Mr Miliband told the Guardian newspaper ahead of the Labour Party conference in Manchester that banks must focus on lending to small businesses and move away from investment activities or as Mr Miliband pit it “playing the international money markets.”
Mr Miliband promised that unless certain activities in the banking sector change, the next Labour government will legislate against them.
He said: "Either they can do it themselves - which frankly is not what has happened over the past year - or the next Labour Government will, by law, break up retail and investment banks".
"The banks and the Government can change direction and say they are going to implement the spirit and principle of Vickers to the full.

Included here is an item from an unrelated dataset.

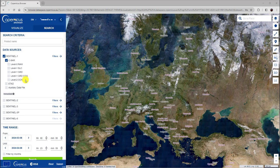And the level-2 OCN data are Sentinel-1 data specifically processed for oceanographic applications.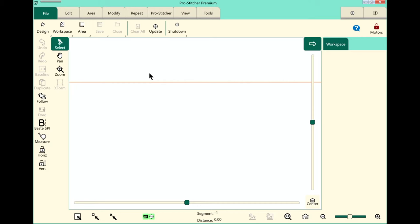I'd like to walk you through an overview of how the ProStitcher screen is set up and where to find all the things that we use most commonly. So let's take a look at the screen and let's start up here at the top.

That means the hard ring-fence between retail and investment banking. We need real separation, real culture change. Or we will legislate."
Mr Miliband also promised that Labour will raise the top rate of income tax from 45p to 50p in the pound.
He told the BBC’s Andrew Marr show on Sunday morning that if banks threatened to leave the UK if stricter legislation was introduced, that: "I don't believe that will happen. I think those banks have a commitment to Britain."
"You'll have a Prime Minister who'll stand up to the banks. We're going to have the big long-term reforms that will make a difference. Either they sort it out themselves or the next Labour Government will by law split those banks up."
Sir John Vickers, whose Independent Commission into Banking reported its findings towards the end of last year recommended that the retail and investment sectors of each bank should be separated or “ringfenced” and that is “legally, economically and operationally” separate from investment banking activities.
The coalition government has pledged to undertake this recommendation and to change the law by 2015.
However, the changes will not take effect until 2019. Mr Miliband will say the coalition has “watered down some of the recommendations and call for these changes to be implemented quicker and he will also pledge to introduce other recommendations by Sir John Vickers, that the coalition has ignored such as getting banks to hold higher capital reserves.